▸ Dataset records:
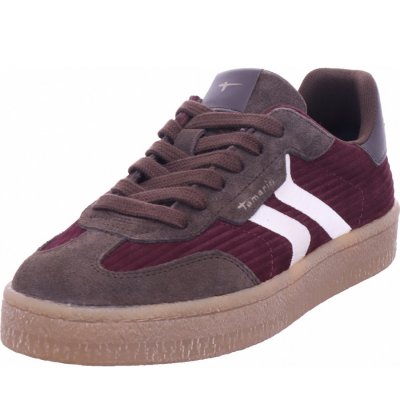 Tamaris m2372344 Halbschuh in bordo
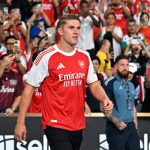 Viktor Gyokeres Refuses Comparison to Thierry Henry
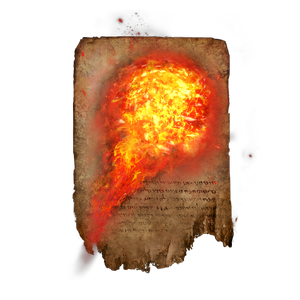 Flame Sling
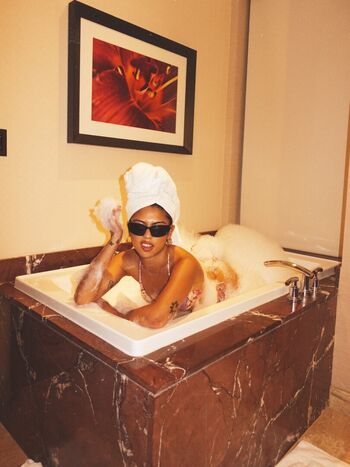 Full leaked Alyanna joelle private onlyfans photo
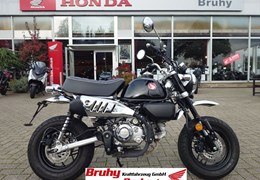 Gebrauchte Honda Monkey 125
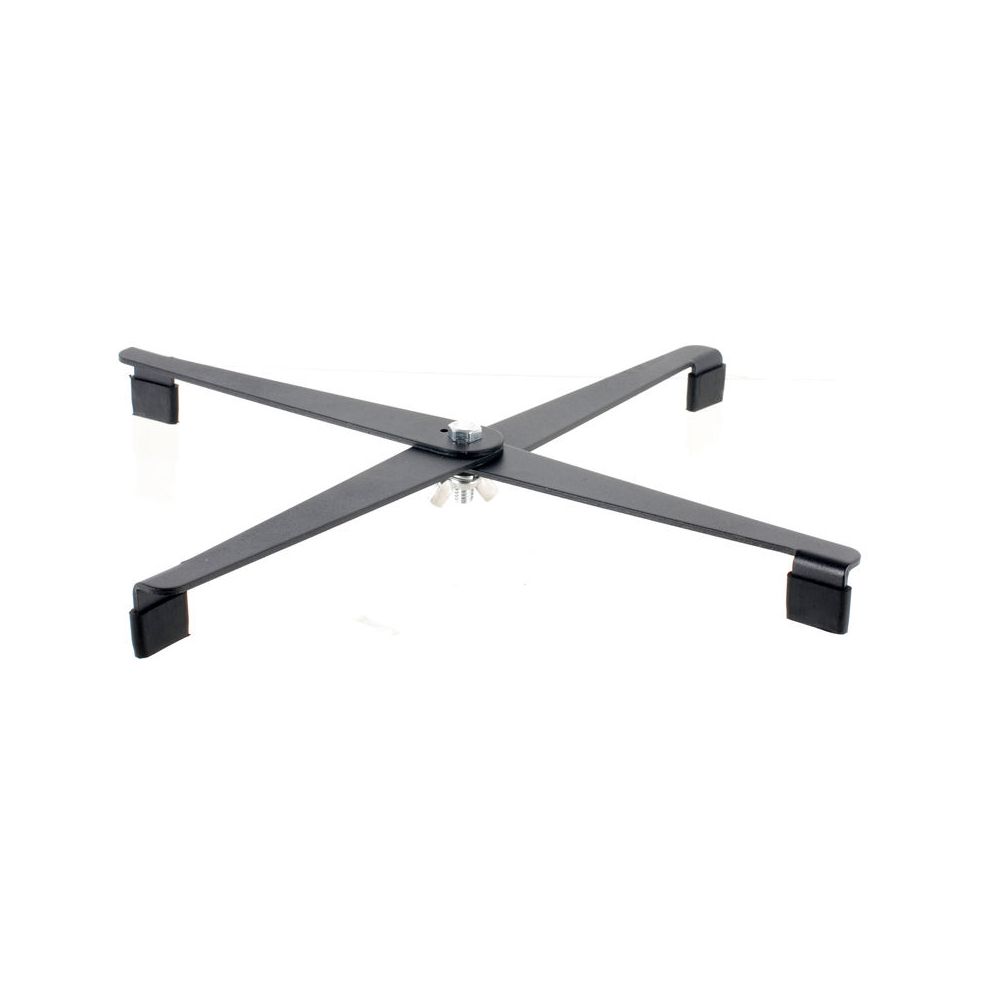 Stairville Folding Floor Stand Black – Thomann Ireland
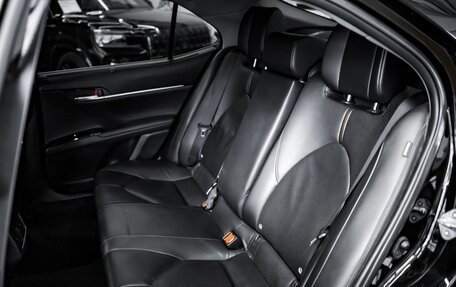 Toyota Camry, 2019 год, 2 540 000 рублей, 32 фотография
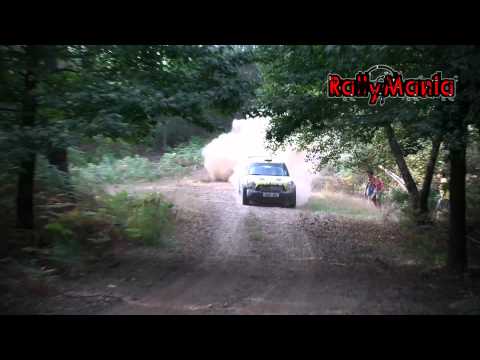 Latest WRC HD & Rally HD Videos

▸ Prompt:
Write the lines from the line containing "Full leaked Alyanna" through the last line of the data out again exactly, and only those lines; pictures stay out.

▸ Answer to the problem:
 Full leaked Alyanna joelle private onlyfans photo
 Gebrauchte Honda Monkey 125
 Stairville Folding Floor Stand Black – Thomann Ireland
 Toyota Camry, 2019 год, 2 540 000 рублей, 32 фотография
 Latest WRC HD & Rally HD Videos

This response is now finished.